To do: Would you please repeat exactly the entries below, starting at the line with "立体天气图标png免抠" and ending at the line with "Frontier Braid Cord", and nothing outside that range? Leave out the pictures.

*** Opening Record extracts ***

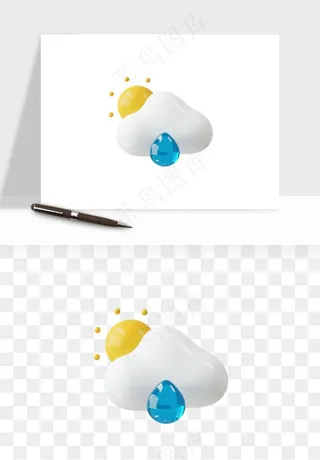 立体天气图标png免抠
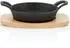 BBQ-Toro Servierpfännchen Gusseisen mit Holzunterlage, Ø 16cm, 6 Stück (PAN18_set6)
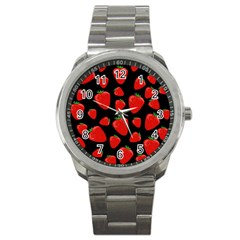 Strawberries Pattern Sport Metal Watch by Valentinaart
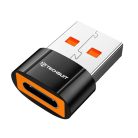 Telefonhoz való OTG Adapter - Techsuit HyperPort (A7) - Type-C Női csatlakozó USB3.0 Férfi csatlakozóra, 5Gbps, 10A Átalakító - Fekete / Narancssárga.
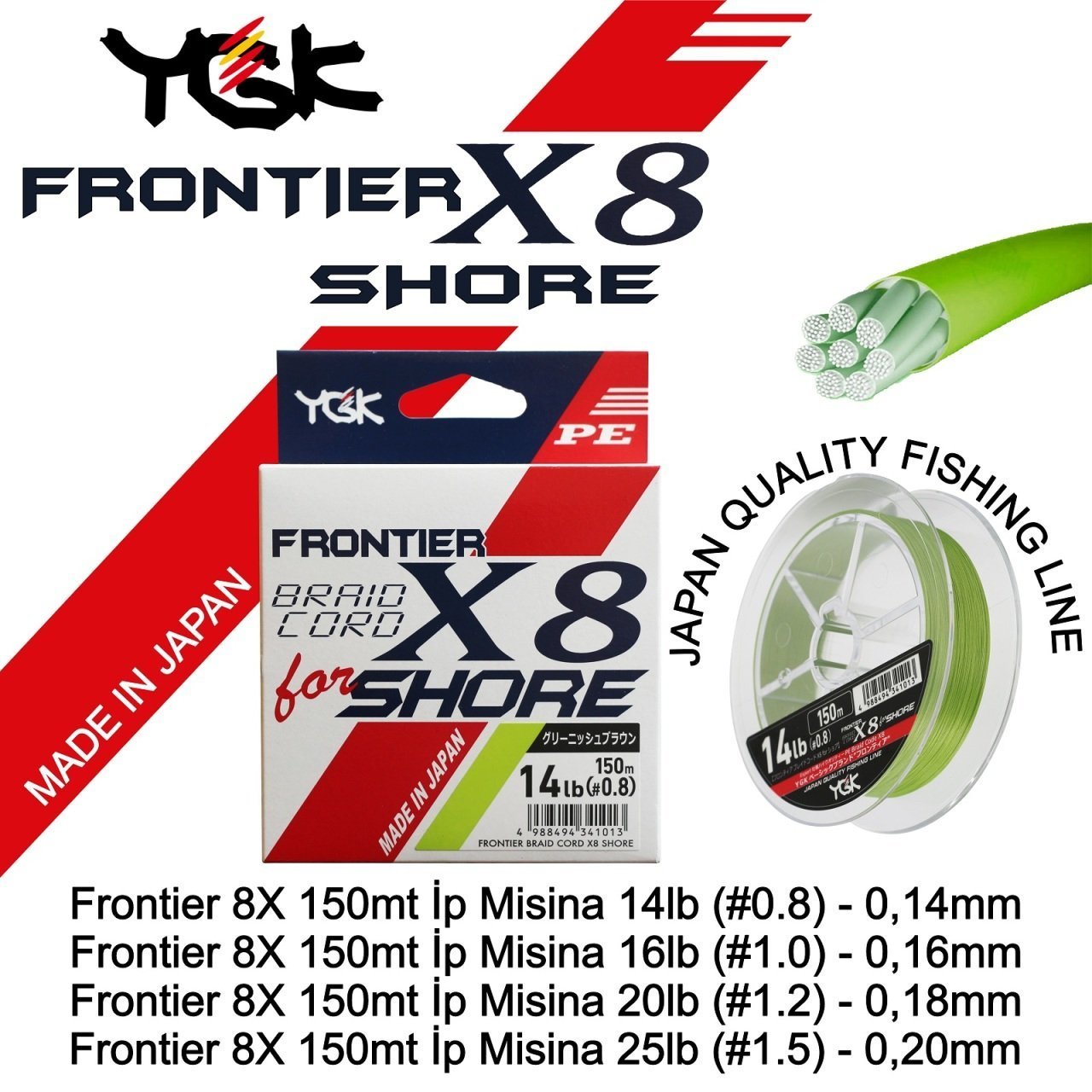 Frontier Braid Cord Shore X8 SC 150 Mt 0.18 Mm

*** Closing Record extracts ***
*** Opening Record extracts ***

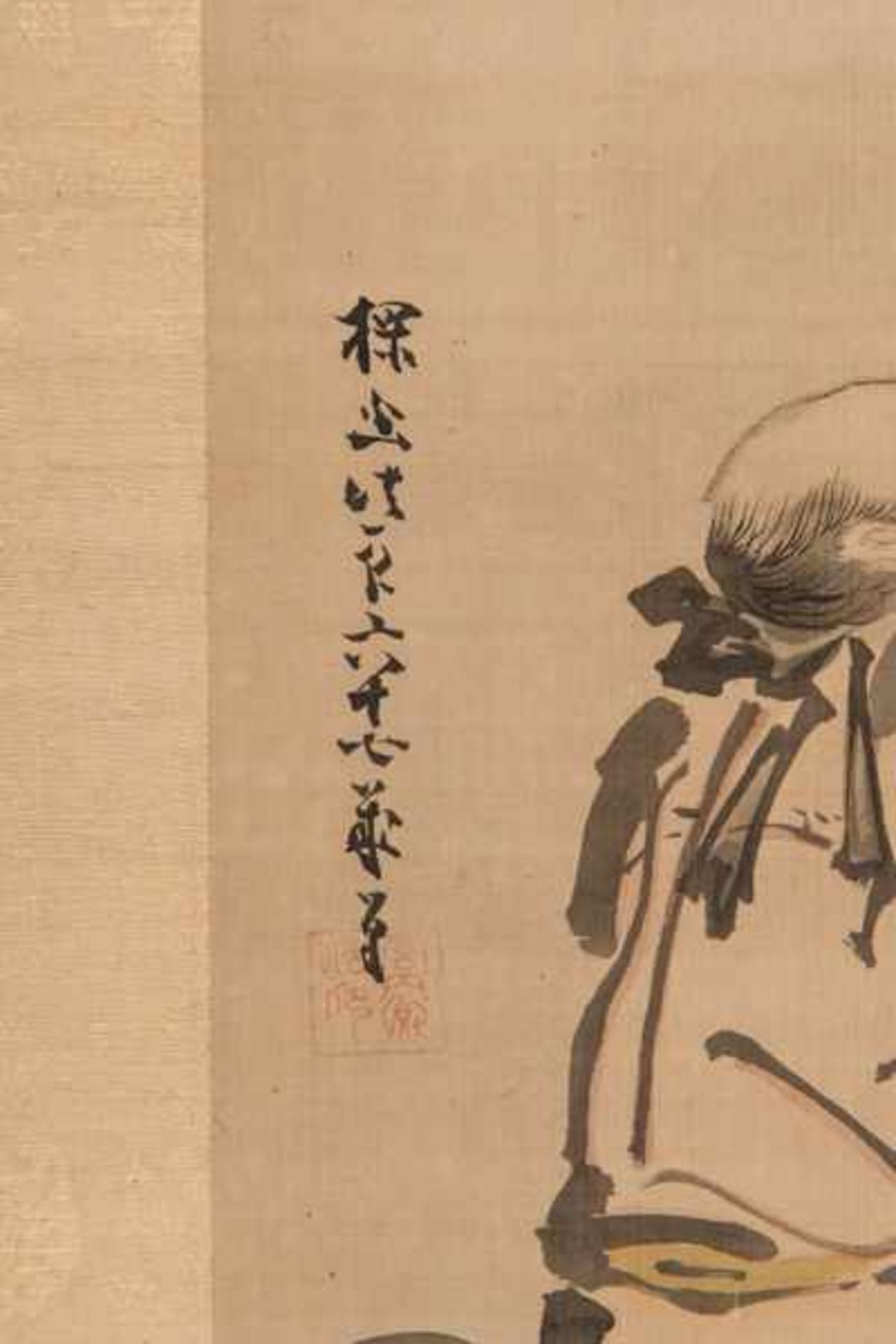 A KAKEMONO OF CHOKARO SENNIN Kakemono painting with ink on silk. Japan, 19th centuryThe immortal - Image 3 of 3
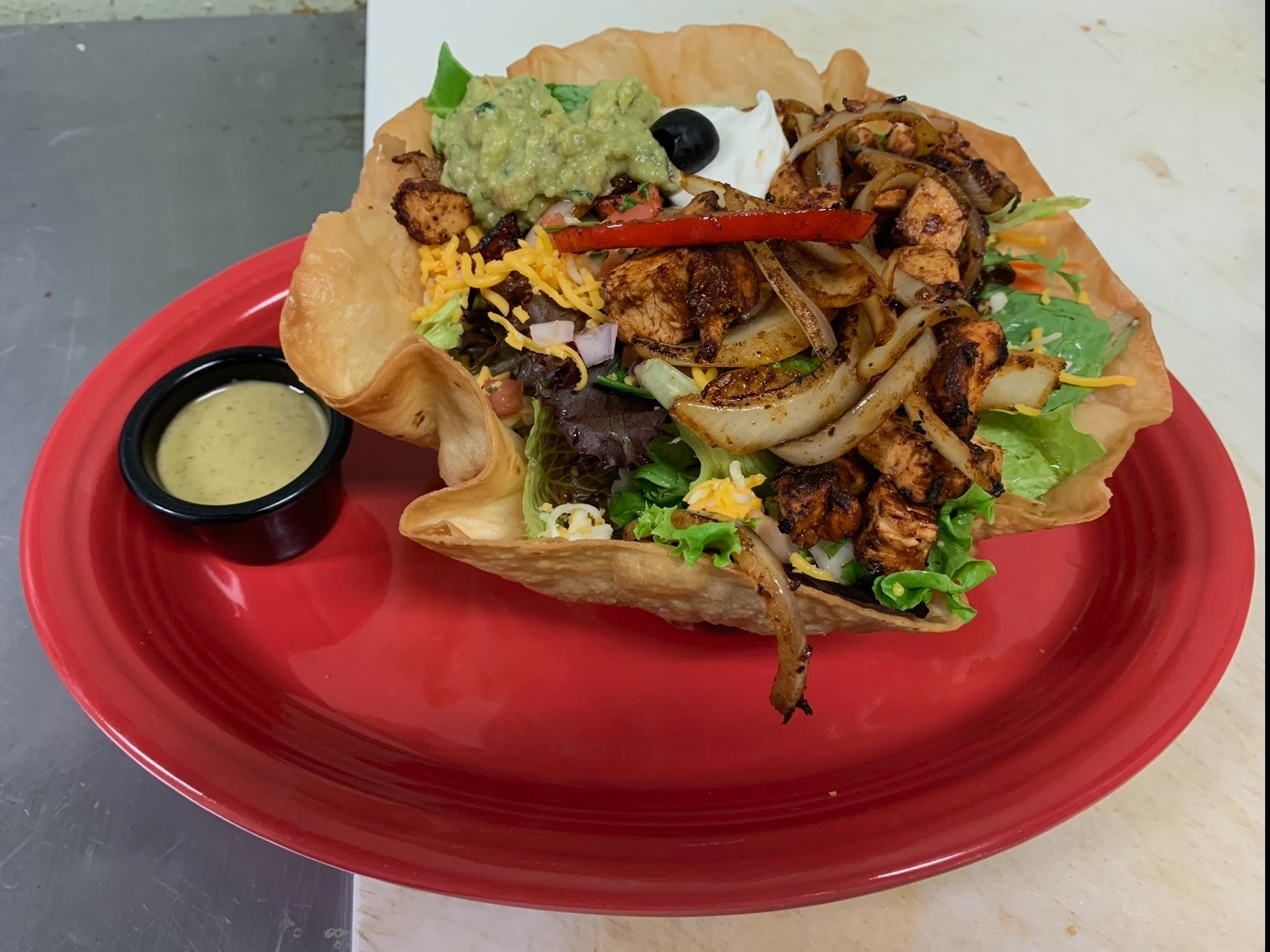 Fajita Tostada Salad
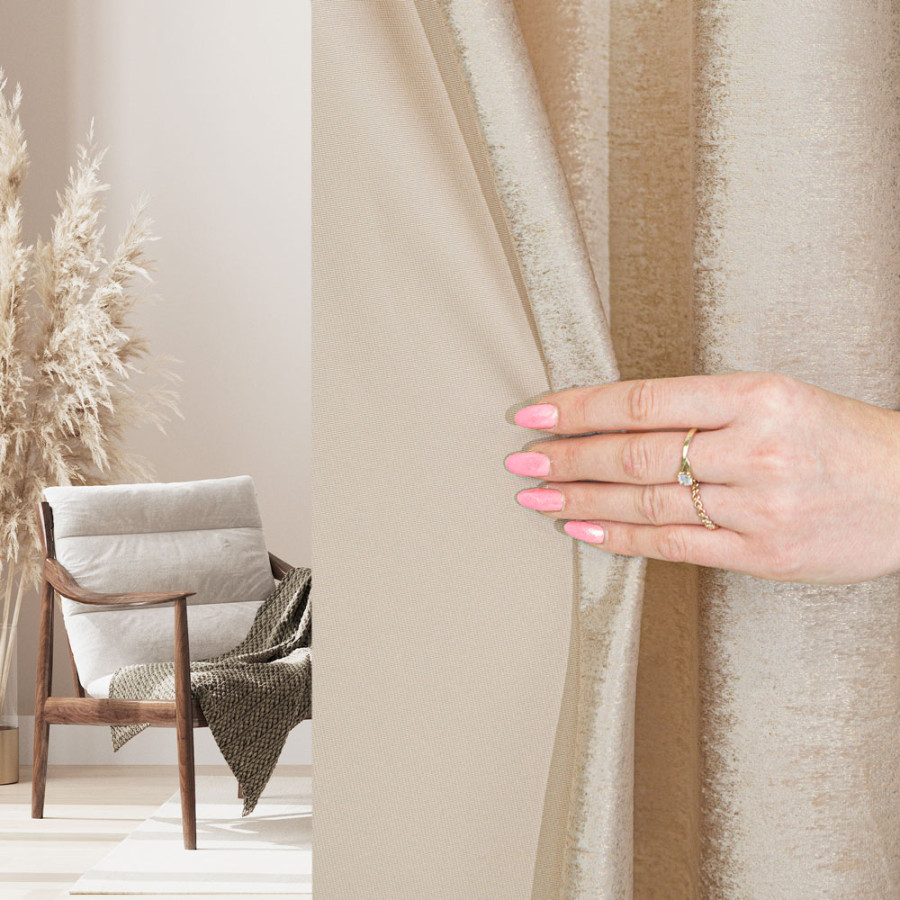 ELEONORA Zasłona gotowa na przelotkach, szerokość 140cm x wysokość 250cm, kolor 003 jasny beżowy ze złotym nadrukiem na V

*** Closing Record extracts ***

Task answer:
 立体天气图标png免抠
 BBQ-Toro Servierpfännchen Gusseisen mit Holzunterlage, Ø 16cm, 6 Stück (PAN18_set6)
 Strawberries Pattern Sport Metal Watch by Valentinaart
 Telefonhoz való OTG Adapter - Techsuit HyperPort (A7) - Type-C Női csatlakozó USB3.0 Férfi csatlakozóra, 5Gbps, 10A Átalakító - Fekete / Narancssárga.
 Frontier Braid Cord Shore X8 SC 150 Mt 0.18 Mm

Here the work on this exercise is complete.